Quant à la réduction de l’ensemble de la hiérarchie musicale à l’échelle du son, l’artiste se montre catégorique. «Un compositeur digne de ce nom vise à créer une œuvre avec un grand o, à travers des ouvrages individuels qui représentent des avancées, des styles et des instrumentations variés. Cependant, au final, ces contributions individuelles se rassemblent pour former une œuvre cohérente», explique-t-il. Gilbert Amy, élevé au rang de commandeur de l'Ordre des Arts et des Lettres en 2013, conteste fermement l’idée que tous les sons se valent.
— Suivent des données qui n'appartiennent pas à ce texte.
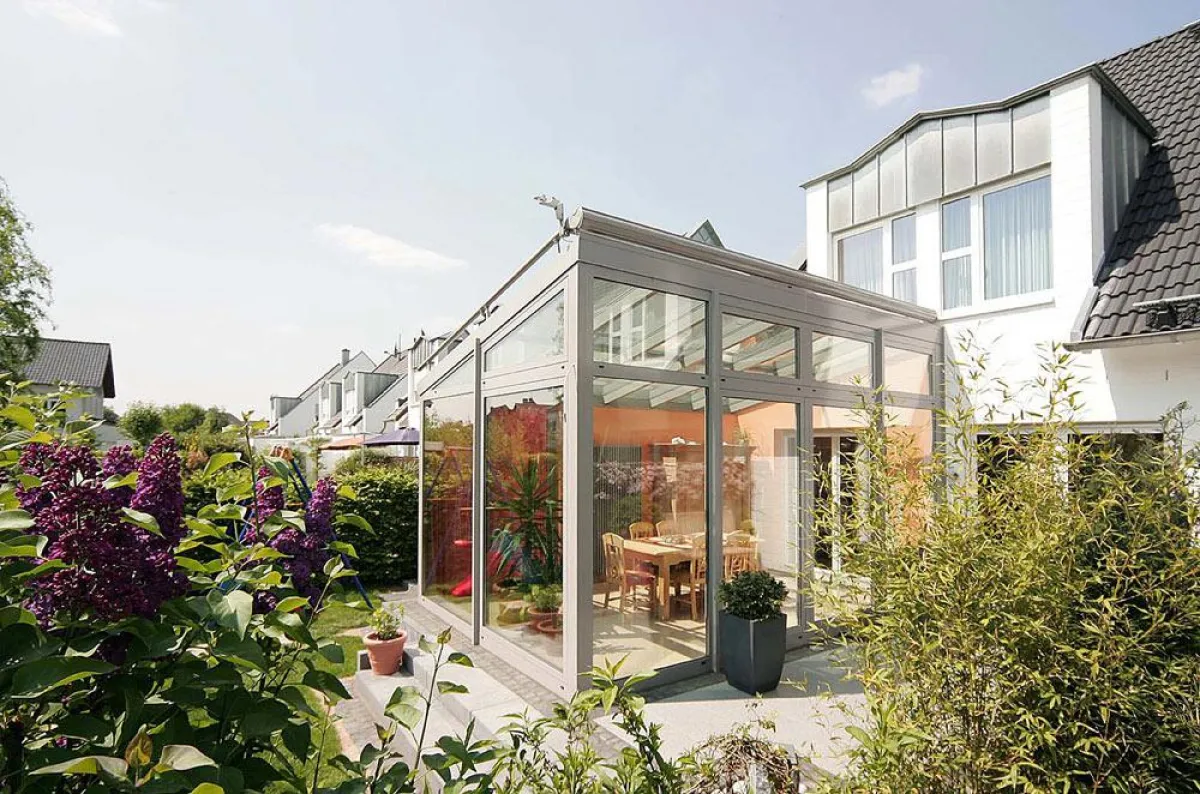 Natur pur im Glaskasten: Ein Wintergarten schafft Wohlfühl-Atmosphäre in den eigenen vier Wänden. Foto: Sunshine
Cette opinion se heurte à la perspective de John Cage, qui avec son concept de chance music, considérait que le do en soi n’avait pas de valeur particulière, pouvant aussi bien être un si ou un fa dièse. «Cela est évidemment contraire à toute l’éducation musicale que nous avons reçue: la formation de l’oreille, qui consiste précisément à considérer que la musique digne d’être citée est celle qui est organisée, entendue, logique et façonnée par des siècles d’écriture», ajoute-t-il.
Intelligence artificielle
Gilbert Amy constate que certaines approches contemporaines semblent tourner le dos à la recherche du langage musical. À cela s’ajoute un autre élément perturbateur: l’introduction de la technologie. Il exprime ainsi ses doutes avec conviction: «Je pense que l’intelligence artificielle appliquée à la musique est une impasse. Bien que les algorithmes puissent imiter l’intelligence humaine et produire des résultats plausibles, ils ne pourront jamais créer une œuvre d’art véritable. Un algorithme ne pourra ni peindre un tableau ni composer une musique avec l’essence humaine. Je n’y crois pas. Sur le plan créatif, il y demeure cette étincelle purement anthropologique que nous appelons musique, et aucune machine ne peut la remplacer.» Le maître français, qui avait côtoyé de grands compositeurs, dont Igor Stravinski, à qui il avait dédié en 1966 une œuvre pour voix et orchestre intitulée Strophe, serait-il rassuré par l’évolution de l’art musical? «C’est une question qui ne me préoccupe pas, car la vie humaine se termine un jour. Nous devenons alors des témoins actifs d’une époque. Franchement, je n’ai aucune idée de ce que deviendra la musique à l’avenir. Je dois admettre que c’est un problème que je ne peux pas résoudre», répond-il en posant son point final.